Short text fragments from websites
-- Opening Marker --

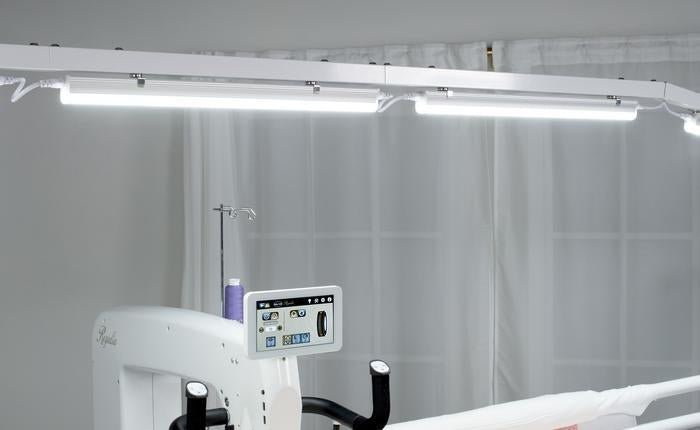 Baby Lock Maestro Frame 10' or 12' Light Bar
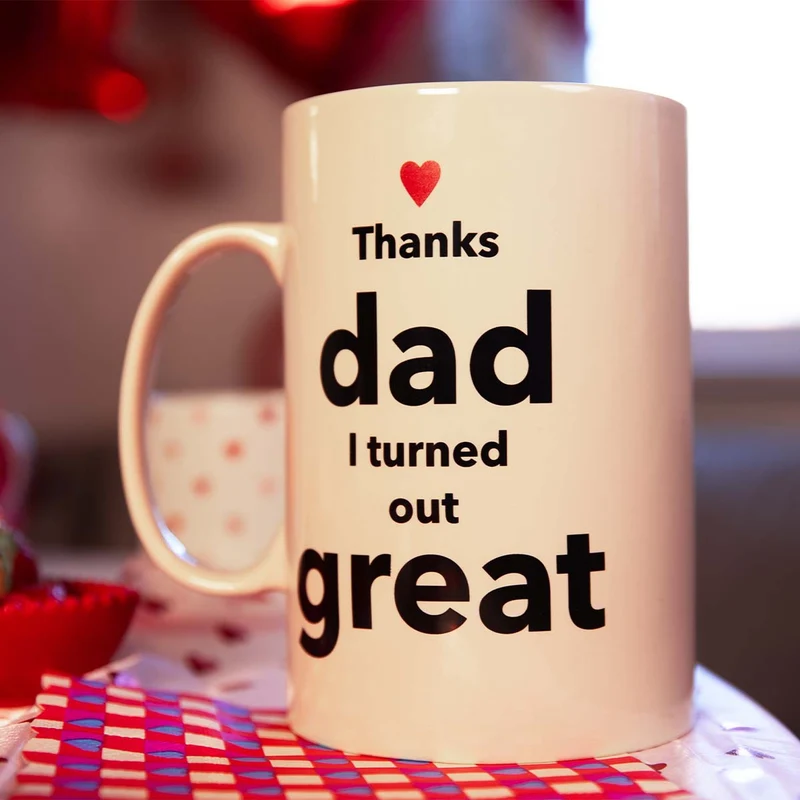 Mug. 350 ml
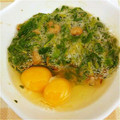びっちぇ's cooksnap of when they made とろ～り甘い☆王様の野菜モロヘイヤ×納豆.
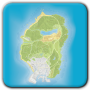 icon Unofficial Map For GTA 5 para amazon Fire HD 8 (2017)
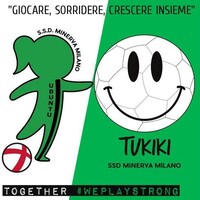 SSD MINERVA MILANO Logo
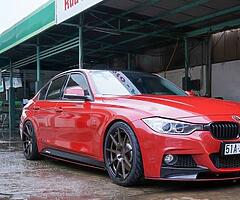 BMW F30 WANTED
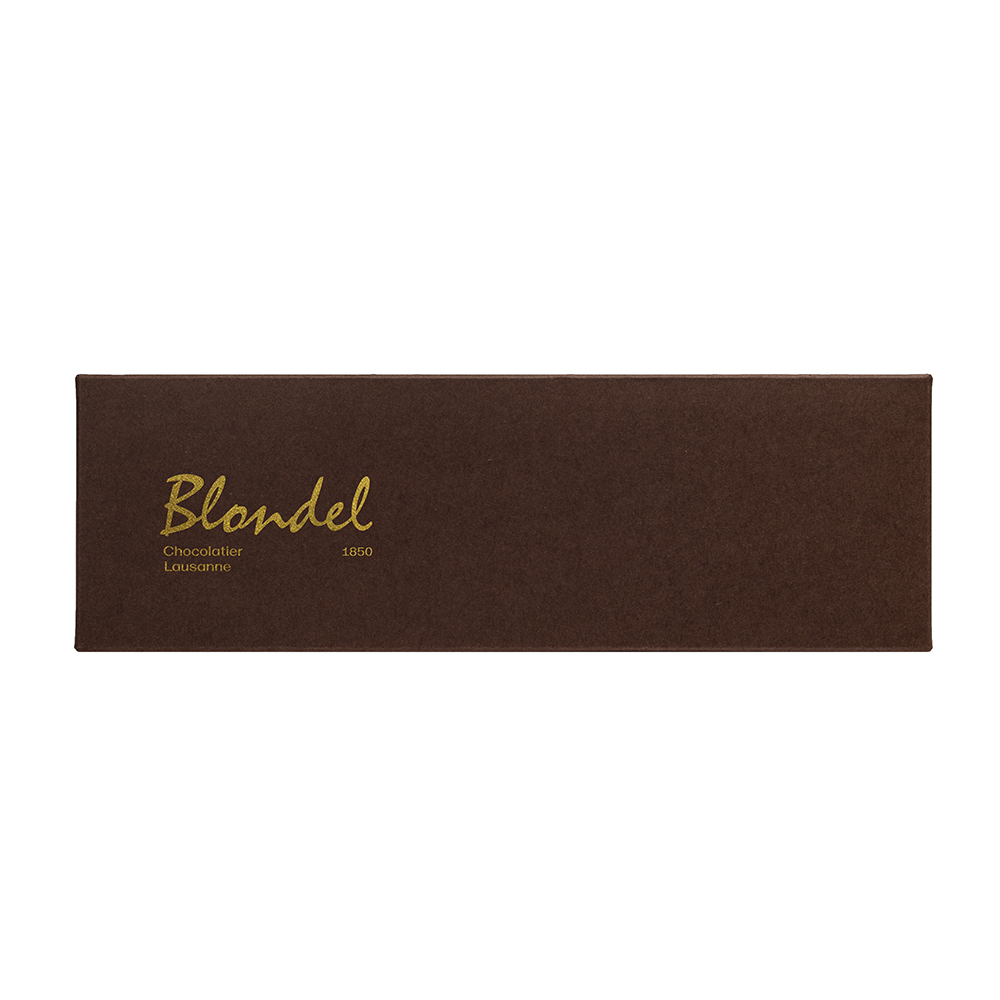 Boîte de 12 pièces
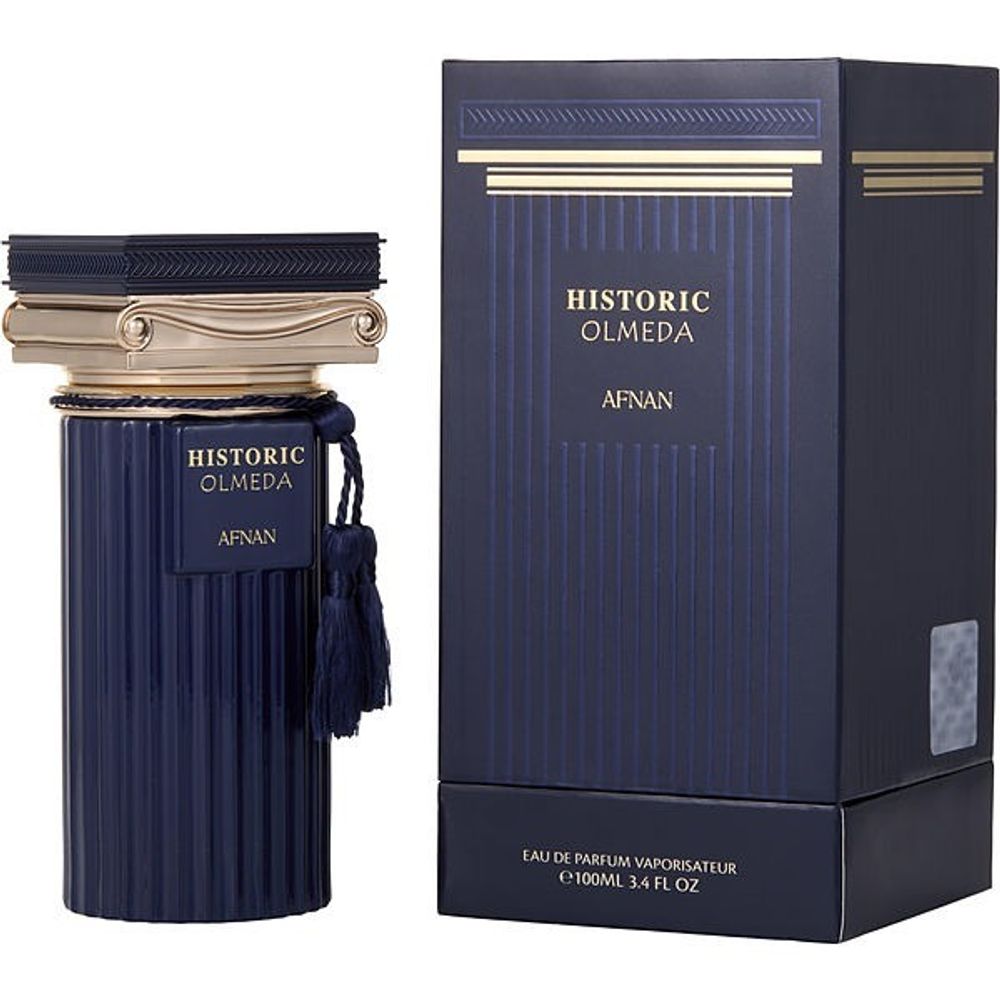 Afnan Historic Olmeda Eau De Parfum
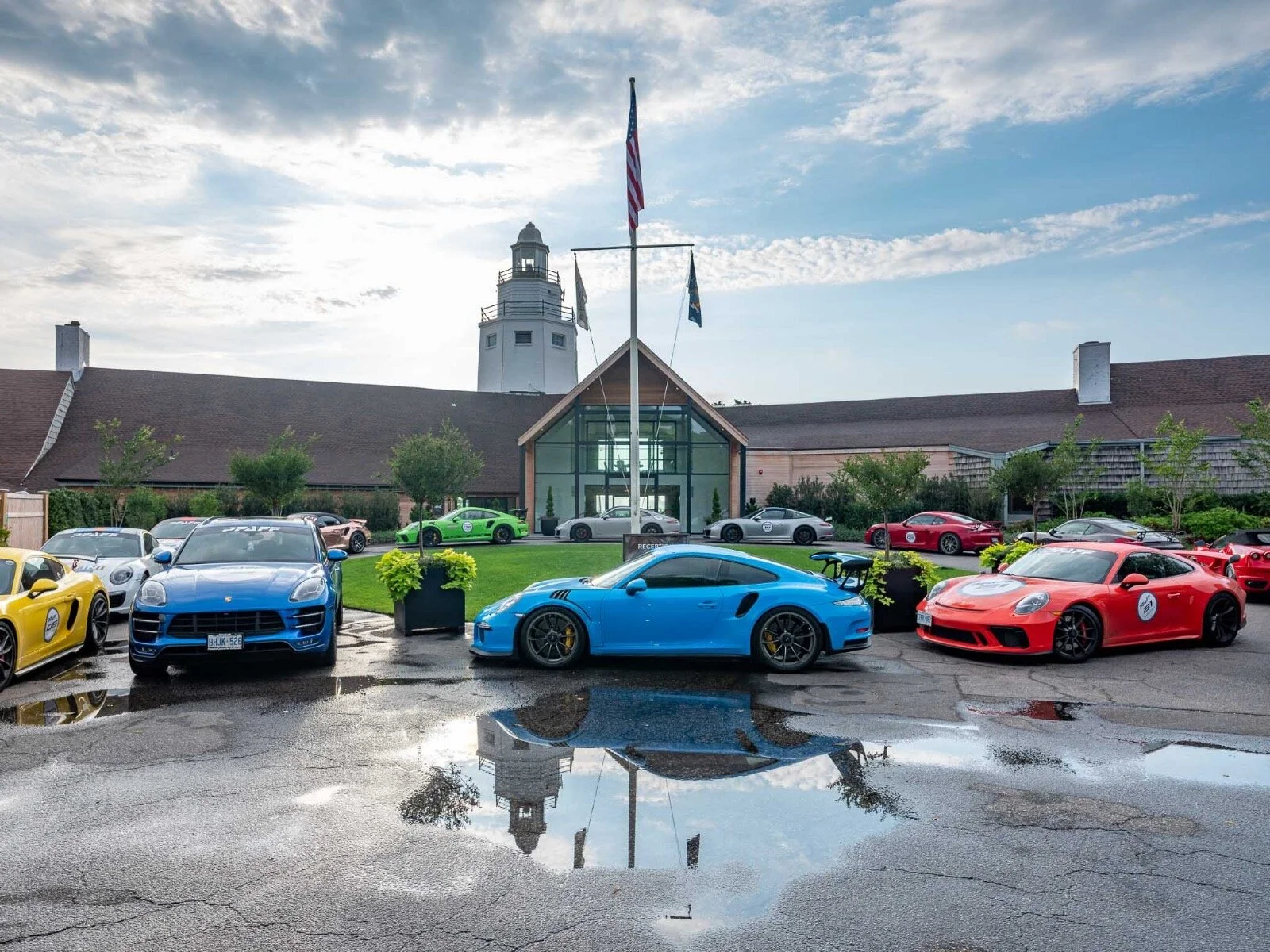 Gurney Star Island Resort &amp; Spa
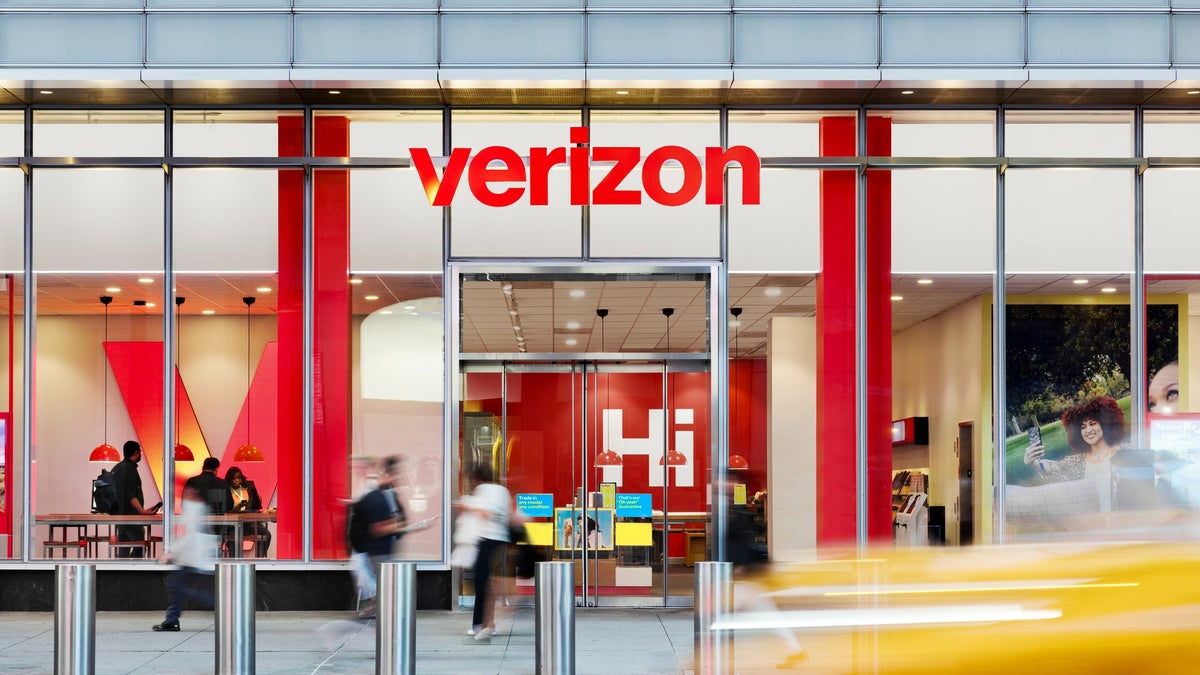 Verizon selittää, kuinka palautetaan puhelimellasi, kun verkko palautetaan verkkoon
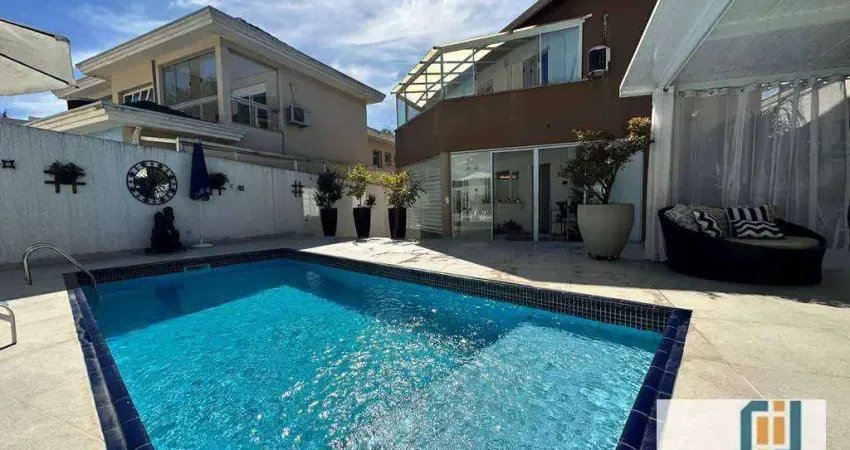 Casa em condomínio fechado com 4 quartos à venda na Alameda Corvina, Alphaville, Santana de Parnaíba
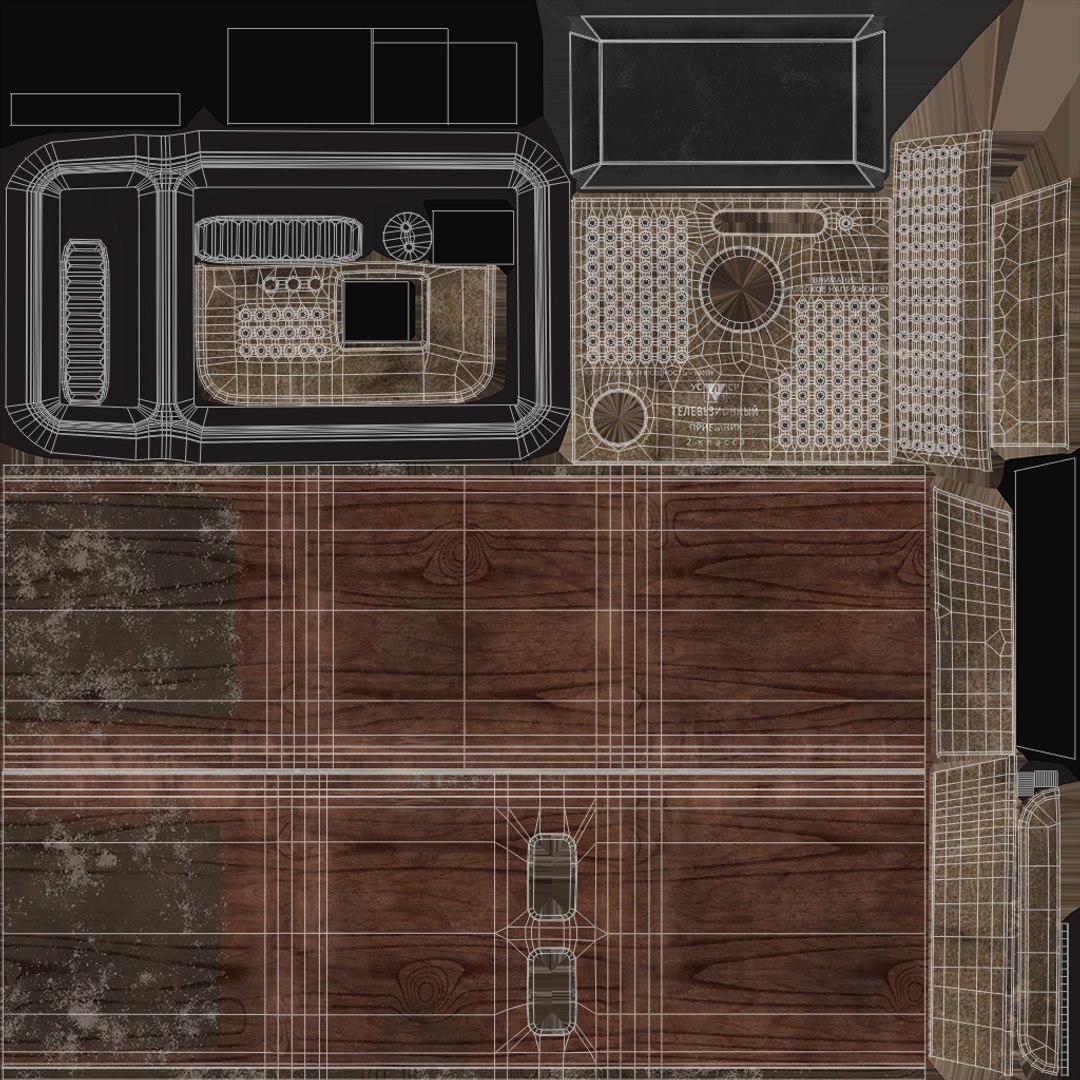 Retro Collection 1 PBR 3D model https://p.turbosquid.com/ts-thumb/Qo/eEXmUH/dg/xuv_04_plastics/jpg/1677497058/1920x1080/fit_q87/9a6b5577cca920e5ccaf3c962e148cdb9e99862d/xuv_04_plastics.jpg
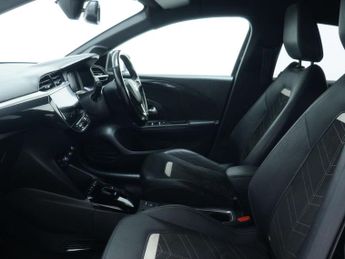 VAUXHALL Corsa Electric 50kWh Ultimate Hatchback 5dr Electric Auto (136 ps)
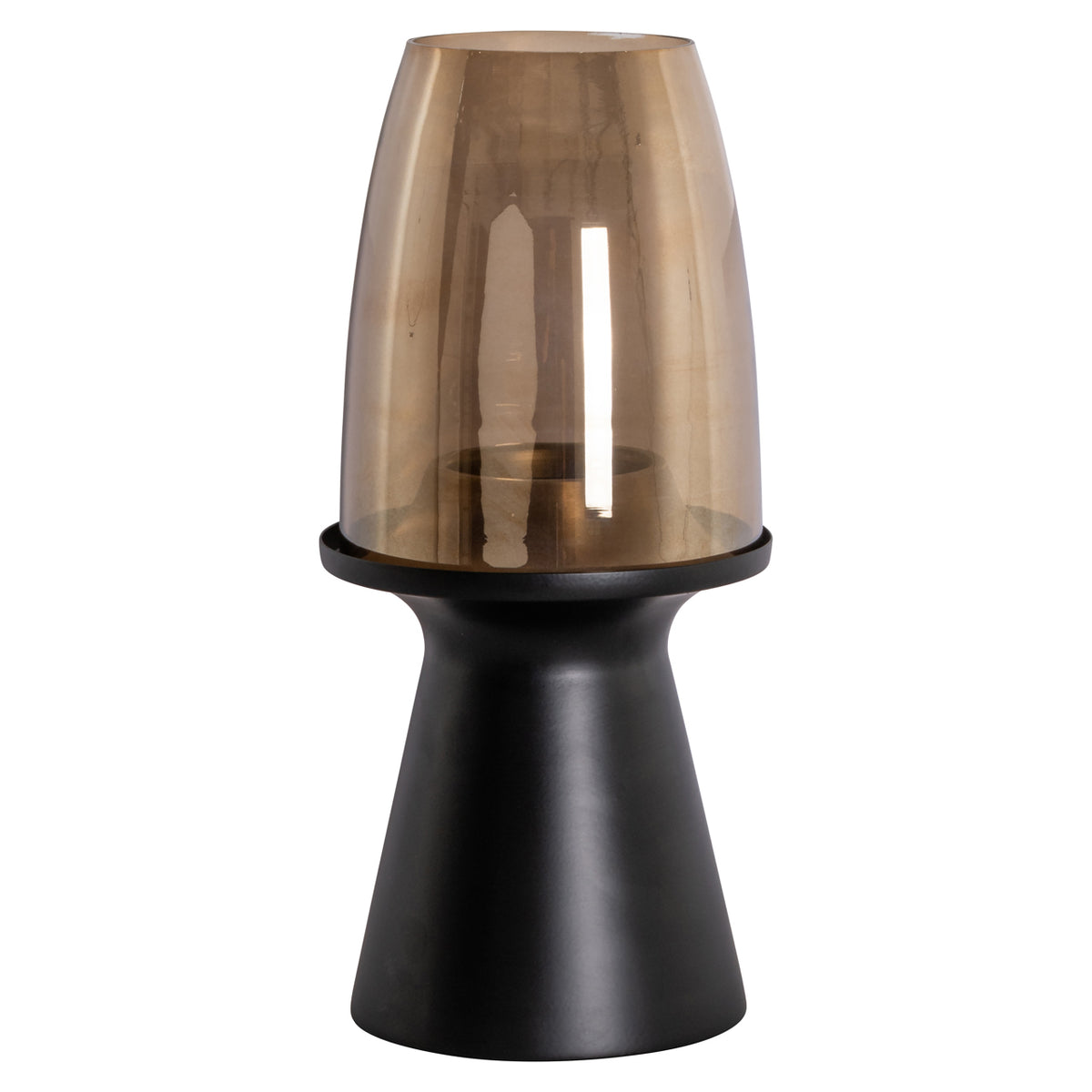 Hurricane light Vienna black small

-- Closing Marker --

Beginning with the first line of the records above, extract each line exactly through the line that holds "Gurney Star Island Resort &amp; Spa", both ends included. Omit pictures.

 Baby Lock Maestro Frame 10' or 12' Light Bar
 Mug. 350 ml
びっちぇ's cooksnap of when they made とろ～り甘い☆王様の野菜モロヘイヤ×納豆.
 icon Unofficial Map For GTA 5 para amazon Fire HD 8 (2017)
 SSD MINERVA MILANO Logo
 BMW F30 WANTED
 Boîte de 12 pièces
 Afnan Historic Olmeda Eau De Parfum
 Gurney Star Island Resort &amp; Spa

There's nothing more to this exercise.